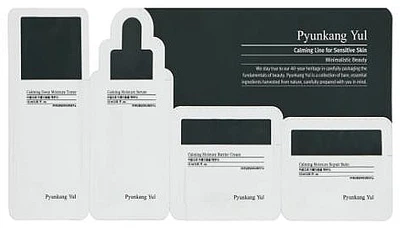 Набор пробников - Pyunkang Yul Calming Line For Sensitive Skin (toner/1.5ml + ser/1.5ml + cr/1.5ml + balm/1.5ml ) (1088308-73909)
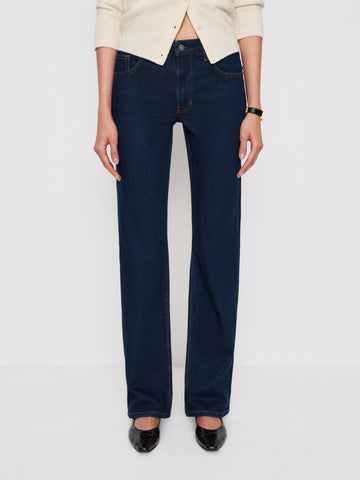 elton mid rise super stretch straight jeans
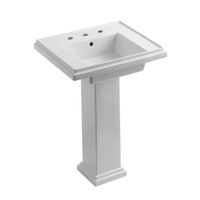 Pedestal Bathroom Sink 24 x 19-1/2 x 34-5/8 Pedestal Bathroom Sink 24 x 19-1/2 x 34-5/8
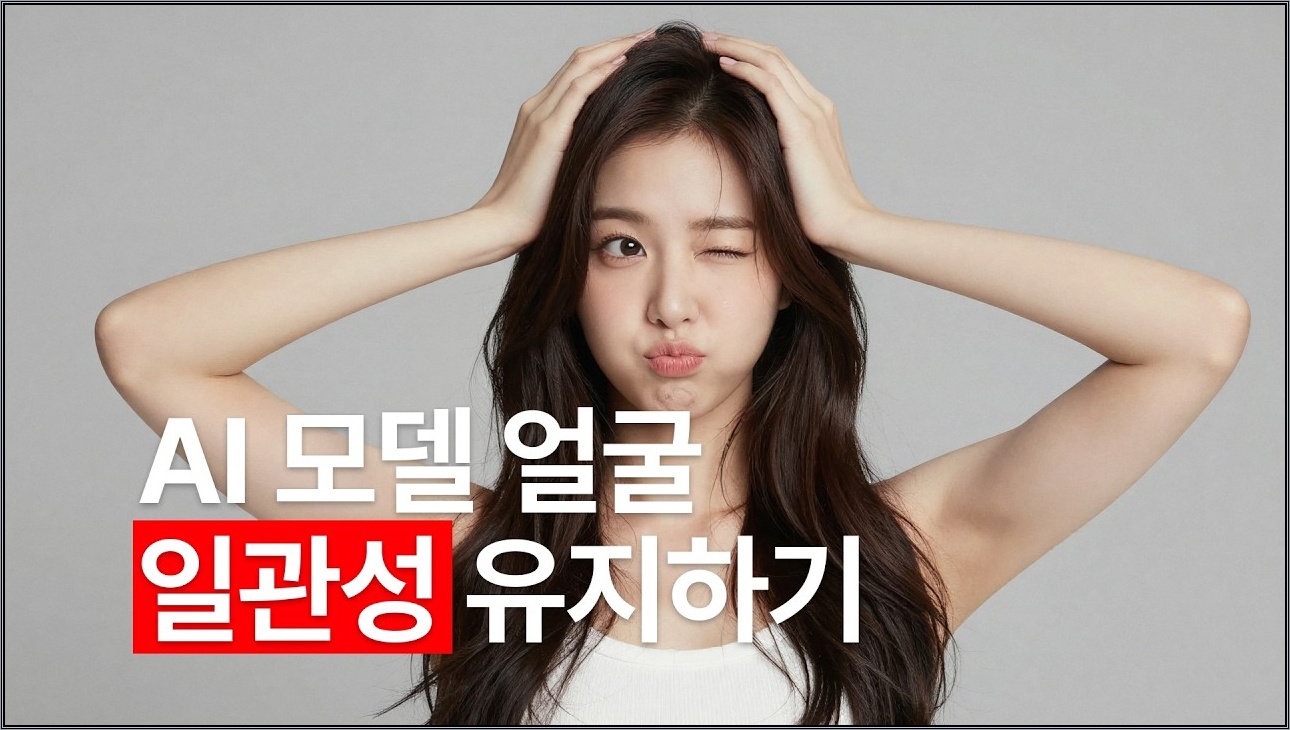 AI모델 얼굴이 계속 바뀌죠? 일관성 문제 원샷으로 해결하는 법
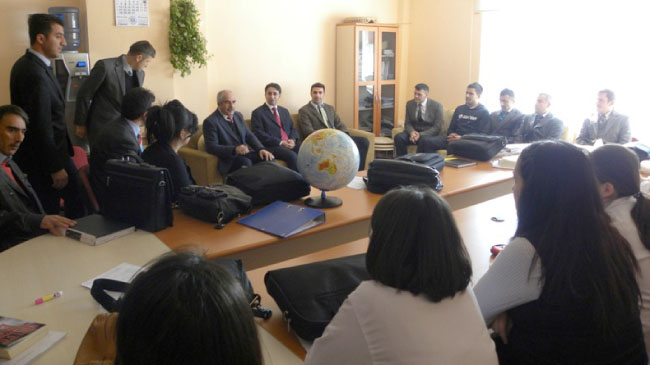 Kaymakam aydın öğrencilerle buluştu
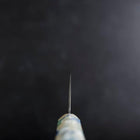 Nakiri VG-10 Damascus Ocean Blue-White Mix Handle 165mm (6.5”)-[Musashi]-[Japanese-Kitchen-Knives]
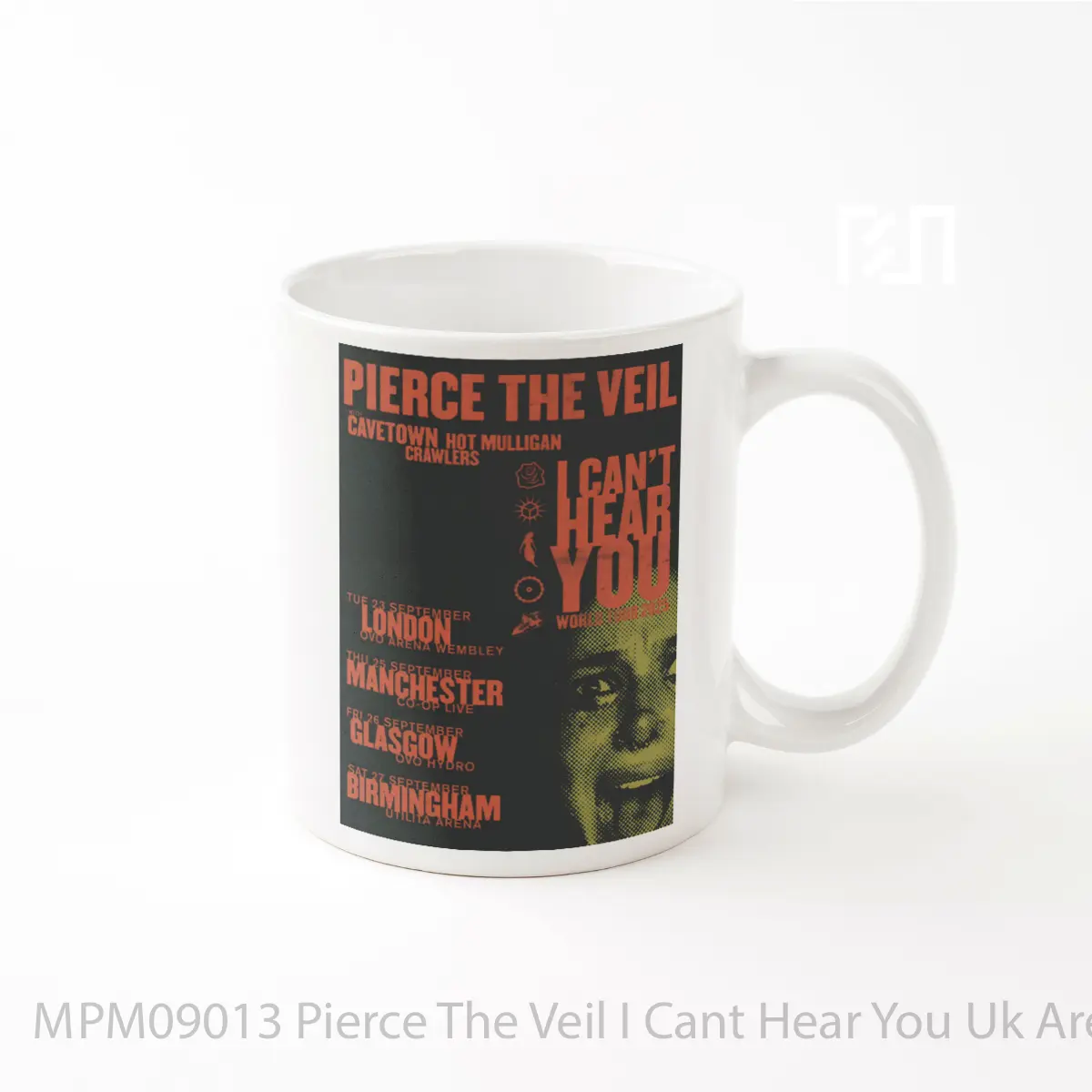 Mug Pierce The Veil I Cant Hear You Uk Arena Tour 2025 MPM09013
****************************************
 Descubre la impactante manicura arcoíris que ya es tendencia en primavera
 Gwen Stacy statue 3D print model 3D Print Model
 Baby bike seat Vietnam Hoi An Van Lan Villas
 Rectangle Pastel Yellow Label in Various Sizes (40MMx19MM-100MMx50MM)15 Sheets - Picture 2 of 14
****************************************
_TO DO_: The line holding "Kaymakam aydın öğrencilerle buluştu" starts the copy and the line holding "Mug Pierce The" ends it. Repeat those two lines above and all between them exactly, leaving out pictures.

_EXPECTED ANSWER_:
 Kaymakam aydın öğrencilerle buluştu
 Nakiri VG-10 Damascus Ocean Blue-White Mix Handle 165mm (6.5”)-[Musashi]-[Japanese-Kitchen-Knives]
 Mug Pierce The Veil I Cant Hear You Uk Arena Tour 2025 MPM09013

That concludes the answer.